### EXERCISE INPUTS
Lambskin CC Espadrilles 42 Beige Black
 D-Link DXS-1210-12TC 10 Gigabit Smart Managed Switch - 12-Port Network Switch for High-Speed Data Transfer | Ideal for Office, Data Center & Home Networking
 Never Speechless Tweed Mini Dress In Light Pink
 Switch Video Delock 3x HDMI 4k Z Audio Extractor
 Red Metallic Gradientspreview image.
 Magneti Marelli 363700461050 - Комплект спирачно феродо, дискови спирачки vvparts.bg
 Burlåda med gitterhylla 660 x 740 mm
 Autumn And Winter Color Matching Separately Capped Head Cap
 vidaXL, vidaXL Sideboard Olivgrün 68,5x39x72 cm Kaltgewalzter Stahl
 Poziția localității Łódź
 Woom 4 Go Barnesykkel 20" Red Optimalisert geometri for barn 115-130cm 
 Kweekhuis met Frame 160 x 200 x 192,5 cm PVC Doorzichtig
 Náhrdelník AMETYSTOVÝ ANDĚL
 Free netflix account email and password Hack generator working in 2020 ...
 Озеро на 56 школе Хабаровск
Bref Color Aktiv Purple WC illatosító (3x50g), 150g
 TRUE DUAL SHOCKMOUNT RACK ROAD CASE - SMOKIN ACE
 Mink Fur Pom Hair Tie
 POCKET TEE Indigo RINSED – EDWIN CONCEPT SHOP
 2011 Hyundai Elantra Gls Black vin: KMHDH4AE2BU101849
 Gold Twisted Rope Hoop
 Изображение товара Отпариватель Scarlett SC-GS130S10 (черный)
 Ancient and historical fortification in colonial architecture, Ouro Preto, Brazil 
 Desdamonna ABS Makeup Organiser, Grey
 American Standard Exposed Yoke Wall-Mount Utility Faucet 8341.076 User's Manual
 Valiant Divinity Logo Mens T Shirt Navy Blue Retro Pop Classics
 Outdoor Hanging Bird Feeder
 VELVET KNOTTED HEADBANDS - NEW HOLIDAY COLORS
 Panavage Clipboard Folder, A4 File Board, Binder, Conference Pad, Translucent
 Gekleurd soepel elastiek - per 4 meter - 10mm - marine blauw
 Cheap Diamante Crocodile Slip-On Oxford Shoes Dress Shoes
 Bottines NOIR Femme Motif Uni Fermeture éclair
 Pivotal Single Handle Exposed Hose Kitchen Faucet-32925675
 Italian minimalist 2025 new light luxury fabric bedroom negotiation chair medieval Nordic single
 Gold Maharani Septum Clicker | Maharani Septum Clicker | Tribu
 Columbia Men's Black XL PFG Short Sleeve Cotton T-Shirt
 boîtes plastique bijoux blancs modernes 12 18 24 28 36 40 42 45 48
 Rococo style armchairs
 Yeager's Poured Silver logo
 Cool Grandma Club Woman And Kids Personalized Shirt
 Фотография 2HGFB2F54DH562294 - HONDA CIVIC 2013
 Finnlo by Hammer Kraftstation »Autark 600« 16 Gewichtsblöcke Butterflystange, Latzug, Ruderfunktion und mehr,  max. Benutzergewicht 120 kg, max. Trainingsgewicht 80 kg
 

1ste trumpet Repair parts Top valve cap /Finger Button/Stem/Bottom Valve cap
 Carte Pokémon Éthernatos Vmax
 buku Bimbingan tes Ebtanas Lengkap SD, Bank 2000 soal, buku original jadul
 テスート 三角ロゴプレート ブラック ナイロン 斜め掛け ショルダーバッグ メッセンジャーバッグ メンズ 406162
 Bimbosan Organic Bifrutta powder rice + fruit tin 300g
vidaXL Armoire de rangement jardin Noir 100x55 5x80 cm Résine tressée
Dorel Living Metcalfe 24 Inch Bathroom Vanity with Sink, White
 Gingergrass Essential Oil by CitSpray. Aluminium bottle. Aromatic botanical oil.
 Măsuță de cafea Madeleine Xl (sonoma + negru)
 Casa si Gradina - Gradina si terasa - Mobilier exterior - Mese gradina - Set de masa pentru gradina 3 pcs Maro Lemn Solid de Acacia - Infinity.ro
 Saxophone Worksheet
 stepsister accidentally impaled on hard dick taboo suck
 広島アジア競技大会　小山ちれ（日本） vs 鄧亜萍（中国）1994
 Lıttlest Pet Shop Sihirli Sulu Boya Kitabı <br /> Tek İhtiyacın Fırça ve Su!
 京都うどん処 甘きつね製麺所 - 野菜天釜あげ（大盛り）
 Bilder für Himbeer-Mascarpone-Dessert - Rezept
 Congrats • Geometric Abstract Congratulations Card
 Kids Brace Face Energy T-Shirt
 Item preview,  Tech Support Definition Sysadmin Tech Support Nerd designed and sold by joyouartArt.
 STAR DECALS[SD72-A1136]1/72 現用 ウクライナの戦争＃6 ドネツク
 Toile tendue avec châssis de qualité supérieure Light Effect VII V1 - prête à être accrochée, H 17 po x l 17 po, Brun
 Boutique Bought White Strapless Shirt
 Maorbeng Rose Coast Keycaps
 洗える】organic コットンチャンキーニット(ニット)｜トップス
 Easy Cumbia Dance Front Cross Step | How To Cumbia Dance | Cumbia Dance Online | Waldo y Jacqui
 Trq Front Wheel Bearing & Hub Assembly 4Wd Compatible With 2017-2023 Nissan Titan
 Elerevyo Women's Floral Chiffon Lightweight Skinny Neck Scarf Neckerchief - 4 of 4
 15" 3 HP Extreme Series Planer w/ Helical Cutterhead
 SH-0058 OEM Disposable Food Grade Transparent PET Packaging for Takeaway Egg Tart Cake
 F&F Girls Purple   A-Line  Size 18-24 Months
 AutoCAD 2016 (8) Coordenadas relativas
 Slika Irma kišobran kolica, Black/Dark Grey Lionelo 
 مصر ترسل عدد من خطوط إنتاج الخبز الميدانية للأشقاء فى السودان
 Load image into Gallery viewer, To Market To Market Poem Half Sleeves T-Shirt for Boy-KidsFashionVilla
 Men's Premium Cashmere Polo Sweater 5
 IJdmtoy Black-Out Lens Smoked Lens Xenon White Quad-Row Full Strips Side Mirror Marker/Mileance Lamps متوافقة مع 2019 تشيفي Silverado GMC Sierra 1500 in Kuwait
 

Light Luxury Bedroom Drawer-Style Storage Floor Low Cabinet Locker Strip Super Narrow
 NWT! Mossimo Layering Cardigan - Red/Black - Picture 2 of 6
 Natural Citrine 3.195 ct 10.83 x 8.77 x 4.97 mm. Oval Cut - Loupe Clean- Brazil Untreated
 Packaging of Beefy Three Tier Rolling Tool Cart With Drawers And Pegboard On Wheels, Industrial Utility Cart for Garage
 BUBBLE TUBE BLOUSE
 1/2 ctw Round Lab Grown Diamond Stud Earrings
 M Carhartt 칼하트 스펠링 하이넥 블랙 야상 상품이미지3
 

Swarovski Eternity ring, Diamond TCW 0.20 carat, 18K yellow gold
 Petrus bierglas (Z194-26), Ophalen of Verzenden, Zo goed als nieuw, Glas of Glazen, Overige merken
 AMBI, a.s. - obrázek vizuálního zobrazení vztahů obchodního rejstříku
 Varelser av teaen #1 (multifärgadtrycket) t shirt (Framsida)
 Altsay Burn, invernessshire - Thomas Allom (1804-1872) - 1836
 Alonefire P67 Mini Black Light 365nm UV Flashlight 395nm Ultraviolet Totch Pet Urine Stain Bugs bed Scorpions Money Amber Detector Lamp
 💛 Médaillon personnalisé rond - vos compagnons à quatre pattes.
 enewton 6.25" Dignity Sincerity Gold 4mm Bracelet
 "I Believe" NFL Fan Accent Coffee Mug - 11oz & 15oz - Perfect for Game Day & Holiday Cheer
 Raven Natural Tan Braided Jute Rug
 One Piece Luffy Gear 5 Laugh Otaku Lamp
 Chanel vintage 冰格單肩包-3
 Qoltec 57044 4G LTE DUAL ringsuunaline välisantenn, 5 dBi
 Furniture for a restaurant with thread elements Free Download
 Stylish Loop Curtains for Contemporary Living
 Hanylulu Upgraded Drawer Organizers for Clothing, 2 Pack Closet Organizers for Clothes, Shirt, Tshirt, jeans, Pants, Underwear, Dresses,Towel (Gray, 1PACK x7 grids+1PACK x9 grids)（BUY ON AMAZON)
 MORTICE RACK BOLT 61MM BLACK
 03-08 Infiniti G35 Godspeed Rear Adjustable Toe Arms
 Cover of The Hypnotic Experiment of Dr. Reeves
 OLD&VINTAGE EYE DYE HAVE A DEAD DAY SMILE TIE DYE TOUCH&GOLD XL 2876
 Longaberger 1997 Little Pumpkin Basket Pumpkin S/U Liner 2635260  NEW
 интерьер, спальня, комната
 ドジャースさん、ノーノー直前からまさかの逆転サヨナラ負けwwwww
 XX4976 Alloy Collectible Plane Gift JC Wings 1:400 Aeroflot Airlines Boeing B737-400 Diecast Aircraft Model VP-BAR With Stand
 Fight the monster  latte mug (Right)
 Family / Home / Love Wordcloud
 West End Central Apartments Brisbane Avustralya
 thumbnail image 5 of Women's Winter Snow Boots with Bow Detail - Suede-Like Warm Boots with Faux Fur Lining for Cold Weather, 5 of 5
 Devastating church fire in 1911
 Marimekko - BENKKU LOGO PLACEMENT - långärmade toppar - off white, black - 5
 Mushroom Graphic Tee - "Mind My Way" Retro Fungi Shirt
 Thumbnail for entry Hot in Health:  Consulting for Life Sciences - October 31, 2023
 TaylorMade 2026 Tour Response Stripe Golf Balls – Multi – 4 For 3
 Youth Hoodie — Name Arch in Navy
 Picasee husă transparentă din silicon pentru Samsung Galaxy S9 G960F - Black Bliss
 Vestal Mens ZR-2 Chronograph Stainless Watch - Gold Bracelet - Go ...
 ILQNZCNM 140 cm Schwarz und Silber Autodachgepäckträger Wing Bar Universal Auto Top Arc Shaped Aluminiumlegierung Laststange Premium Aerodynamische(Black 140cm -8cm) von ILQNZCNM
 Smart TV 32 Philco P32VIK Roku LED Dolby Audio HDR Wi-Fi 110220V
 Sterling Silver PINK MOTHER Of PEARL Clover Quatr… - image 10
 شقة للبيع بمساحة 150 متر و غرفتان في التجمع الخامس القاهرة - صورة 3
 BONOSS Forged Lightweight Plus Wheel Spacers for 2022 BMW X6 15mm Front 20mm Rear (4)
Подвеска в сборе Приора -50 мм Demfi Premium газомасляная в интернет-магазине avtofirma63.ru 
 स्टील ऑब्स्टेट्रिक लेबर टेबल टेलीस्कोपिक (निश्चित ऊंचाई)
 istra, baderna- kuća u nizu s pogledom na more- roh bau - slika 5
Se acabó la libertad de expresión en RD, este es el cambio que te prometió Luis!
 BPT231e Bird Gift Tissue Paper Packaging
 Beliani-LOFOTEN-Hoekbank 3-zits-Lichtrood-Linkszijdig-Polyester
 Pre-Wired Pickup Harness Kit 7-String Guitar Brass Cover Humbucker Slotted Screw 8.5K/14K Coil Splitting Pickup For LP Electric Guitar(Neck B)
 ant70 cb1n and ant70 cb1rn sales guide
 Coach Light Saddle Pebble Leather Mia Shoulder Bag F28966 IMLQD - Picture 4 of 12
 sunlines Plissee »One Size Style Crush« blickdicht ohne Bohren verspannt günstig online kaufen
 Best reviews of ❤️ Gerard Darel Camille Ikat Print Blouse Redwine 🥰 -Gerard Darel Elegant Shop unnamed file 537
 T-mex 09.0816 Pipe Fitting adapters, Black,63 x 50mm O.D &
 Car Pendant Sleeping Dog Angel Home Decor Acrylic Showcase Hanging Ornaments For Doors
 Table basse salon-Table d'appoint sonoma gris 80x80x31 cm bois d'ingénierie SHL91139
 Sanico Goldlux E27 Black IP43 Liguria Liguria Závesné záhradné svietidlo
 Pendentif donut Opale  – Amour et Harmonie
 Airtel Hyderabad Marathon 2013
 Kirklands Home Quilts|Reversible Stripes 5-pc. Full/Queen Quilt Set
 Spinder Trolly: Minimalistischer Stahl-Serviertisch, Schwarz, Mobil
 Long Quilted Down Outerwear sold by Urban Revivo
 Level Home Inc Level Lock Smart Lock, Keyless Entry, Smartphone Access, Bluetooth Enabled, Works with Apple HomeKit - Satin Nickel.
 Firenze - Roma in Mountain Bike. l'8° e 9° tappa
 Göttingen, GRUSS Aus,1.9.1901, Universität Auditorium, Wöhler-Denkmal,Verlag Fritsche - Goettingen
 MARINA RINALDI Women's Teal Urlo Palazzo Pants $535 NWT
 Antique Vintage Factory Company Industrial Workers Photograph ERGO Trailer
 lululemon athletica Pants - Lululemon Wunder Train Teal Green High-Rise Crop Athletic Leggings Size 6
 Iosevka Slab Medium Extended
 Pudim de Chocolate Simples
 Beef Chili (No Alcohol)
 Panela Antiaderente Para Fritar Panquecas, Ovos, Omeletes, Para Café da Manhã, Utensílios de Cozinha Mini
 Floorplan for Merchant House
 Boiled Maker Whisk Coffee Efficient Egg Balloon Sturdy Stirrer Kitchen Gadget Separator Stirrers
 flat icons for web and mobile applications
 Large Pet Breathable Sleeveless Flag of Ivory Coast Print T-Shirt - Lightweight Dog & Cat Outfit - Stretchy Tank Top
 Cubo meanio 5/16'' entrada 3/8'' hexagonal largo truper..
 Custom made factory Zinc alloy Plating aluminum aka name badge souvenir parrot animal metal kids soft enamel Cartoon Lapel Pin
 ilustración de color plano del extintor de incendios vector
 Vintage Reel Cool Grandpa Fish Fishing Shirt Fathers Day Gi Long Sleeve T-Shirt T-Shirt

### PROBLEM DETAILS
Copy out the lines above exactly, beginning at the one that contains "Panela Antiaderente Para" and ending at the one that contains "flat icons for web and mobile applications".

### RESULT
 Panela Antiaderente Para Fritar Panquecas, Ovos, Omeletes, Para Café da Manhã, Utensílios de Cozinha Mini
 Floorplan for Merchant House
 Boiled Maker Whisk Coffee Efficient Egg Balloon Sturdy Stirrer Kitchen Gadget Separator Stirrers
 flat icons for web and mobile applications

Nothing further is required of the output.